3. Graphistry Components

Understanding Graphistry's architecture may help you make your deployment architecture decisions:

  • Graphistry Core: The visualization server
    • GPU Visualization uploads and live sessions
    • Docker containers that require nvidia-docker and Nvidial Pascal or later (See GPU/OS hardware requirements)
    • Supports multi-GPU (single node) and GPU resource isolation
    • Configurable reverse proxy, TLS, and user/API key management
  • Graphistry Investigation Server (Optional)
    • Installed as part of Graphistry Core
    • Investigation templates
    • Investigation cases, with embedded visualizations/sessions
    • Connectors: Pushdown queries over DB/API connectors
    • Deep linkable: External systems (Splunk, dashboards, emails, ...) can be configured with links into Graphistry views and workflows
  • Graphistry Data Bridge (Optional)
    • Standalone docker-based server (See Graphistry Data Bridge)
    • Enables individual Investigation Server connectors to proxy through a jump server
    • Useful for bridging Graphistry cloud with on-prem data sources when simpler alternatives do not suffice
  • Graphistry API
    • Used by external web apps, notebook servers, etc.
    • Communicates via language-neutral REST APIs and Graphistry-provided per-language convenience libraries
  • Data Science Notebooks
    • Jupyter is installed as part of Graphistry Core
    • External notebooks may also be used via Graphistry API

4. Planning for Multi-Year and RAPIDS Scaleout

Graphistry helped start and integrates the growing RAPIDS GPU computing ecosystem. Many Graphistry deployments work fine with only Graphistry on one GPU and using its connectors to CPU infrastructure, and horizontally or vertically scaling as the number of analysts increases. However, as RAPIDS matures and is able to do more, the new usage modes benefit from a different kind of planning.

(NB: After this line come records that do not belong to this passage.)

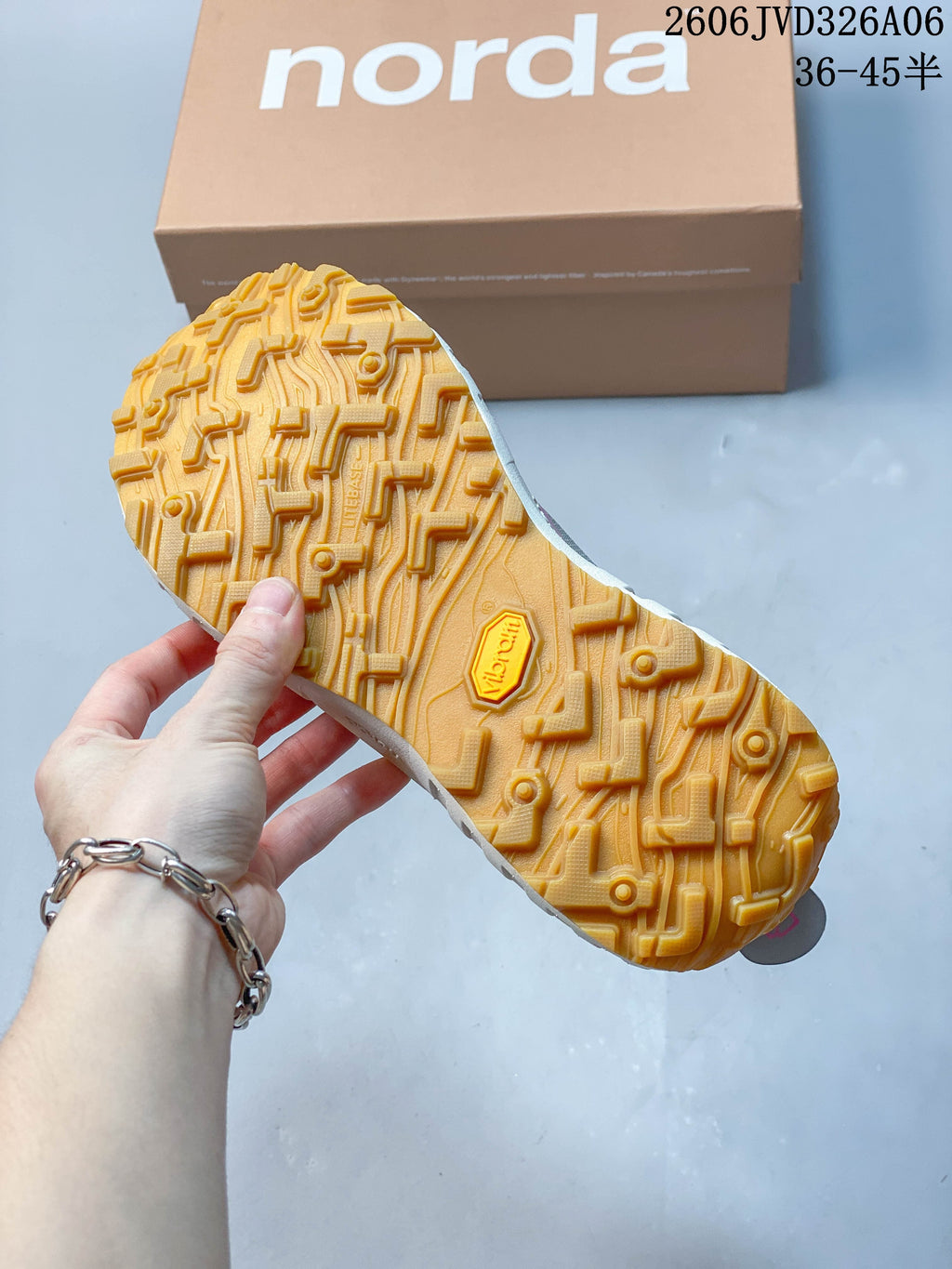 Close-up of the sneaker's yellow lugged outsole.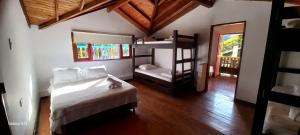 a bedroom with a bed and a bunk bed at Finca y Chalet MA in Chiquinquirá +49 photos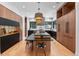 Open concept kitchen with contemporary design and island seating at 6123 Buffalo Run, Littleton, CO 80125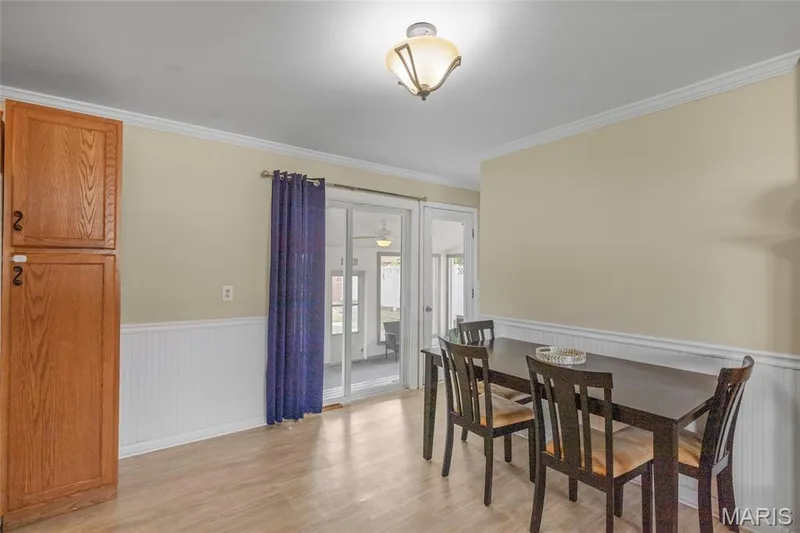 Wood-finish flooring with white wainscoting and crown molding — 712 Highland Drive, O'Fallon, MO 63366
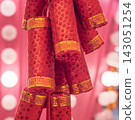 Decorative red firecrackers with shining sequins and gold bands for a vibrant holiday celebration 143051254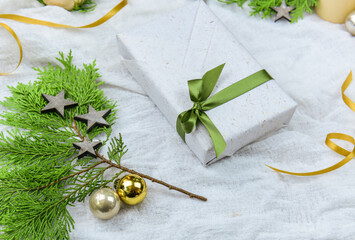 Geschenk zu Weihnachten mit Tannengrün, goldene Christbaumkugeln, Kerze, Sternen und Kerze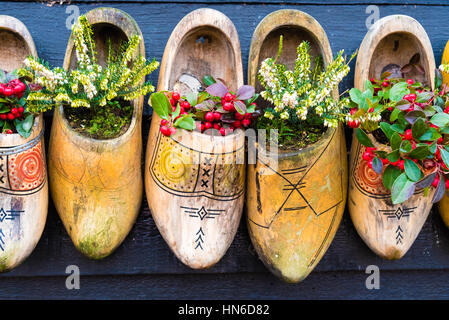 Row Of Shoes With Flowers In Them Stock Photo Alamy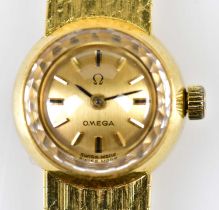 OMEGA; a lady's vintage 18ct yellow gold wristwatch with baton markers to the circular dial and with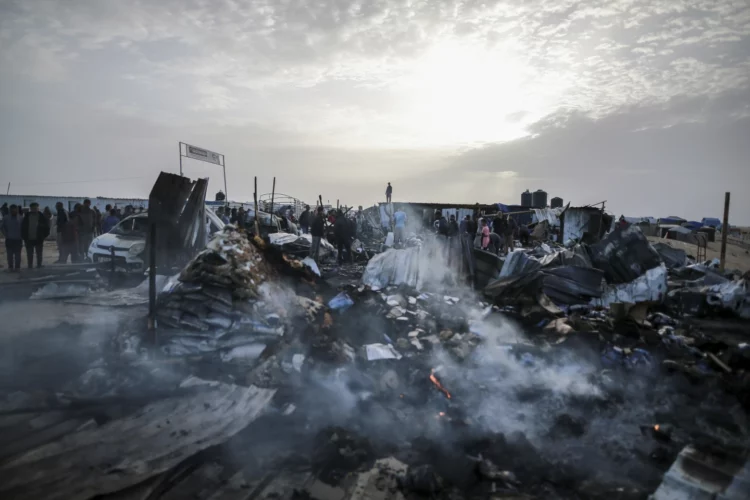 Jóvenes palestinos miran los destrozos en el campamento atacado en Rafah.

Graphistry and RAPIDS are increasingly able to connect to any data source, including flatfiles, and support multi-GPU + multi-node compute over them. Instead of planning in terms of the number of concurrent analyst sessions as in standard Graphistry, it becomes useful to consider the total raw data size or the size of the typical data extract. GPUs work best when all the data fits in GPU memory, or for larger datasets, when big network connections or multiple smaller ones are made available. It is still the early days, so we recommend discussing with a member of our team.